An angel descended into my thoughts and asked me why I do not pray.
I responded and said, “I do pray! I mean I may have missed a few, but surely you know I am human and when I fall, I get back up. I am distracted, but I get back up.”
The angel asked again, why I do not pray.
This time, it continued further. “We worship our Lord and sanctify the Majestic without rest. Why do you not pray?”
The angel had forgotten, and God interceded to say, “I know what you do not.”
The angel could not debate any further.
I responded to the angel anyways, trying to make sense of it.
“I cannot tell you why the world burns
And God repeated, “I know what you do not.”
I spoke to the angel:
I can tell you that my favourite meal is breakfast because it reminds me of starting anew, that you can have morning at 6pm if you just make hash browns & eggs. I start it with the words, “I begin with the name of God, the most Merciful the most Kind” and when I fill my body I hope that each bite is enough to get me to the next morning. Hope is a prayer too.
Sometimes, when I read the Quran, I start to cry because although I struggle to understand each sentence, these words give me purpose. I continue to cry because I see these same words used to push people away, to elicit power, and excuse faults in men. I ask God to make truth apparent and falsehood apparent, but I don’t have all the answers. Though it may be heavy, I pick up that book again again. Returning is a prayer too.
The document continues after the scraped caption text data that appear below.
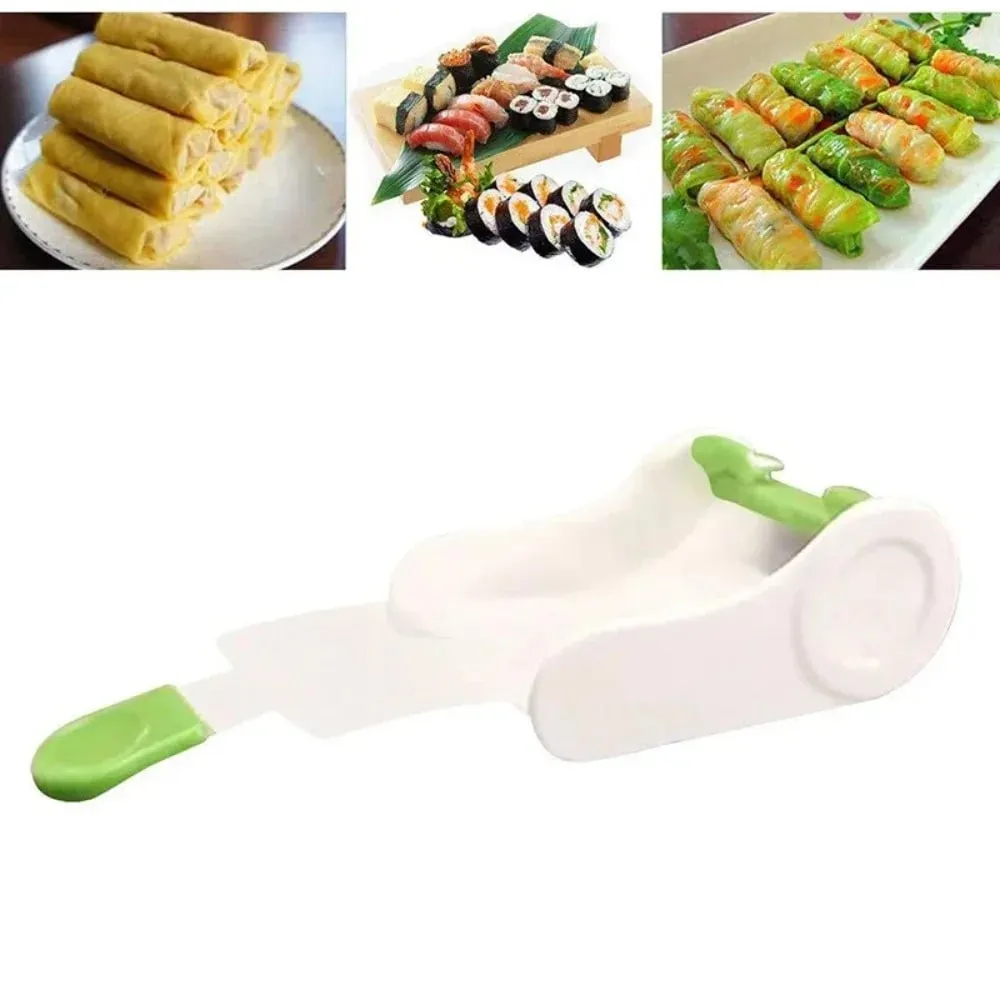 Molde de rolo de carne e vegetais artesanal, ferramenta de rolo de folha de uva, acessórios para fazer sushi, 1 peça
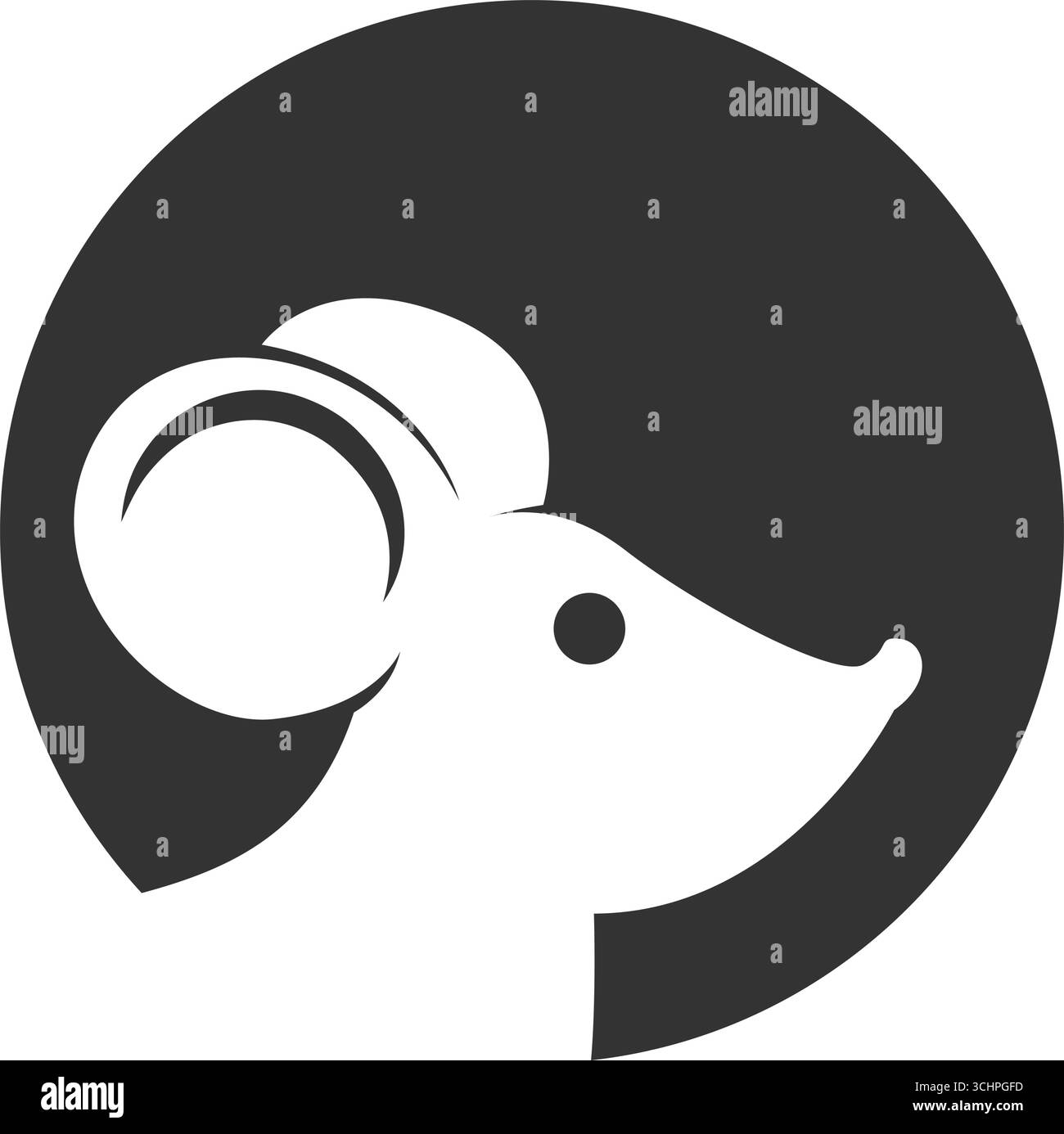 Illustration mit dem Rats-Logo Stock Vektor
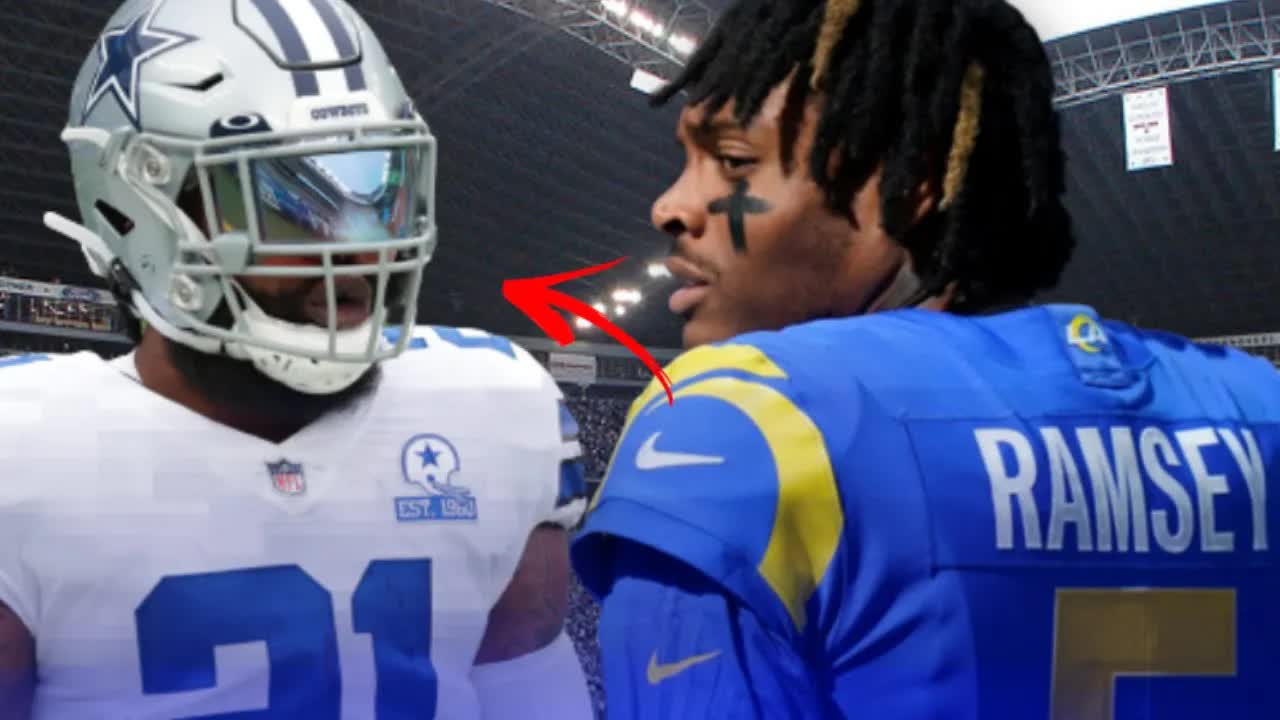 Video thumbnail for #Cowboys Told Jalen Ramsey They Would Draft Him, But Selected Ezekiel Elliott Instead...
I watch the sunset, and it reminds me of God because it reverberates across the sky each day, though not everyone agrees to see it. I watch Them turn clouds into slow dancers. I complain to God, that sometimes the sky makes me jealous of the angels. Can we join them there? Pleading is a prayer too.
It doesn’t matter how empty the mosque is, sometimes I look at the beautified carpets and the writings on the walls, but can’t find a place here. Staying is a prayer too.
I sit in a group of friends at a cafe, both lost and confused because there are holes in our communities. Holes that we’ve fallen in to. Too loud, too funny, too masculine, too feminine, too much lipstick, too little clothing, too much is covered. I sit at that table, and my voice cracks so I look down knowing I would cry. Admitting it’s hard is a prayer too.
The angel in my thoughts contracts, “It gets easier right?”
I responded, “I honestly don’t know.”
God said, “I know what you do not.”
I spoke once more before the Angel left, “I know my God though. It’s all we have.”